Tuesday, June 14, 2016

The reality of buying bonds

I was watching John Oliver this evening as I was waiting for my dinner to cook and as I was eating. He was talking about financial advising (which is an application of my education in economics) and as usual most of his show was absolutely right. He was right about fiduciaries, how small fees in the beginning of a retirement plan adds up to millions of dollars over a career, and how index funds are usually the best way to go for safety which is growth.

The short video at the end was right about these, but there was one thing it was absolutely wrong on, and that is the claim of buying bonds to ward off risk when you retire. While it sounds really good to know exactly how much you will have next year and it sounds secure, it is easily debunked by asking this question, would you rather lose 40% of $10,000,000 or keep 100% of $2,000,00 this year? Knowing that in the long term index funds always beat bonds, and that the S&P 500 reclaimed all of its growth in the beginning of 2013 from the 2008 crash and is now roughly 48% above its peak value before 2008 and that it is showing no signs of stopping (given our positive bond yield curve which predicts no recession in the near future) there is absolutely no reason not to invest in this index fund.

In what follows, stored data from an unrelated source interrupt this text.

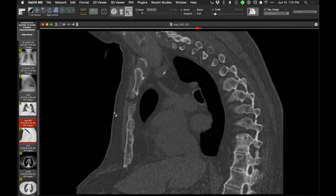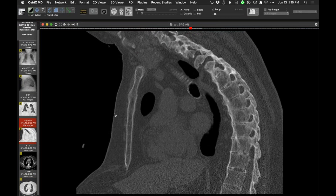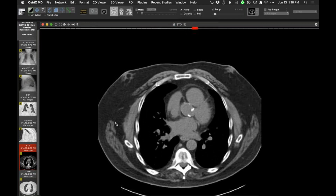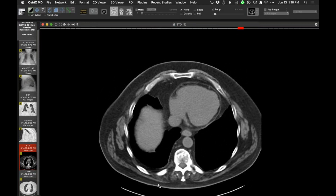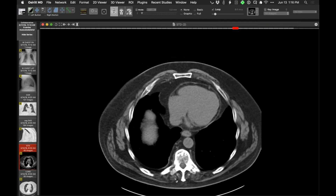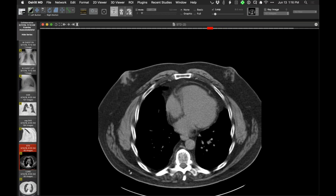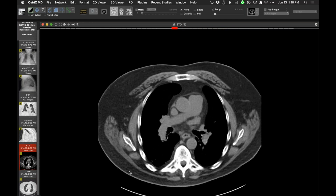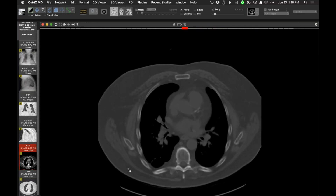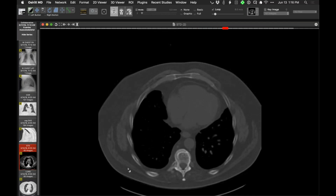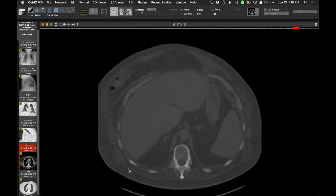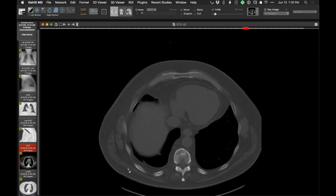On the sagittal images he has findings typical of ankylosing spondylitis — rather severe. In addition, his intercostal muscles appear atrophied, with some atrophy of paraspinal muscles as well. He undoubtedly has a restrictive ventilatory impairment as a consequence of ankylosing spondylitis and severe ankylosis of his costotransverse and costovertebral articulations. The explanation for his clinical presentation is not interstitial lung disease.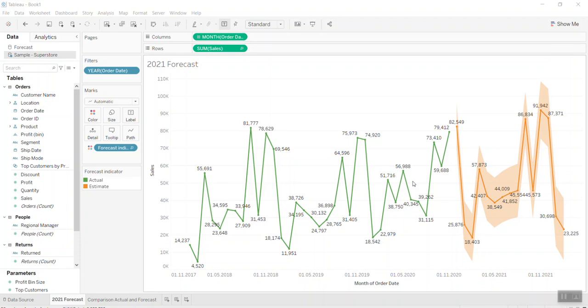Hello everyone, welcome back to my channel Tableau Tip Top. In today's exercise, I will show you the forecast function of Tableau and how to use this function — in what scenario, in what business case you use this one. With my experience, I use the forecast of Tableau quite often.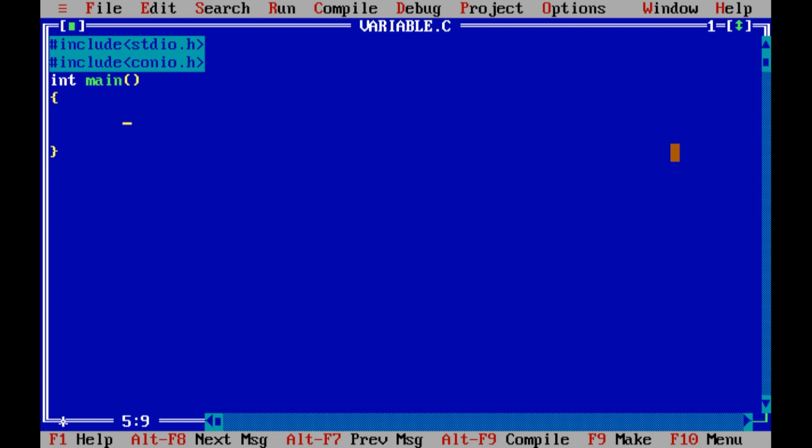So basically the syntax, the first time we will see it. I will use the comments. The variables are the way to write them. First we will write the type which is the variable, which is the type of value or which is the type of data we will store it. After we write the variable name.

This comes down to opportunity cost ultimately, money that you don't earn because of a lower interest rate is at the end of the day the same thing as money you lost. It doesn't matter if you had and lost or just never made money, and the reality is that there is no 10 year period where a bond portfolio has beat the S&P 500 or NASDAQ. It just doesn't happen. And there is no reason to expect the future will be any different. Assuming that we don't have a massive unprecedented change in the stock market I calculated how this would look for people who start investing at 25 and then compared the stock plan versus stocks and bonds. The first one is a simple index fund getting 8% interest a year (which is what you should expect on average in the long run) and then you are withdrawing three times your cost of living (which since I assume you will own your house by that point is fairly low) from your porfolio. This person retires with a net worth of over $740,000 and will get more interest than they need to spend, making retirement an option. This is without an employer matching plan which if someone has they then they obviously will have a stable retirement which is what I prove in the second sheet with a 50% employer matching program where the person retires with a portfolio worth over a million dollars.

The third and fourth sheet however use what the Daily Show recommended, and the difference in the amount of interest you earn in the long run by moving your retirement fund into bonds is enough to put you on the verge of bankruptcy if you maintain a middle class lifestyle.

Another note with my work is that people should put as much money as possible into their account, and only putting $2000 away the first year is not really that much compared to what people should be putting away. 10-20% of your income is usually affordable for long-term investment and you should always put away as much as possible. This is the bare minimum amount in order to make a point. Plus, there are other ways to finance housing which can also make a huge difference in your ability to save.

At the end of the day, the mathematical reality is that moving your money into bonds once you already have enough money to support yourself is a very bad strategy. Most people do not know how to predict the economy, only professional economists have the tools to do that, and it takes more than a 5 minute Youtube video to learn to do it safely. You have to understand how the economy is structured, where all of the general principles come from, and even then most trained economists don't use them appropriately. The only time proven strategy which is used by millionaires which doesn't put your future at risk is to have a straight index fund in capital, be it domestic or a diversified international portfolio in a buy and hold strategy. Randomly picking stocks beats most financial advisors because they are trying to beat the market without understanding the underlying reality of how the economy works and they end up doing everything after the market has adjusted.

But if there is one iron law of investing it is the principle of opportunity cost which is why you should never buy a bond for a long-term investment.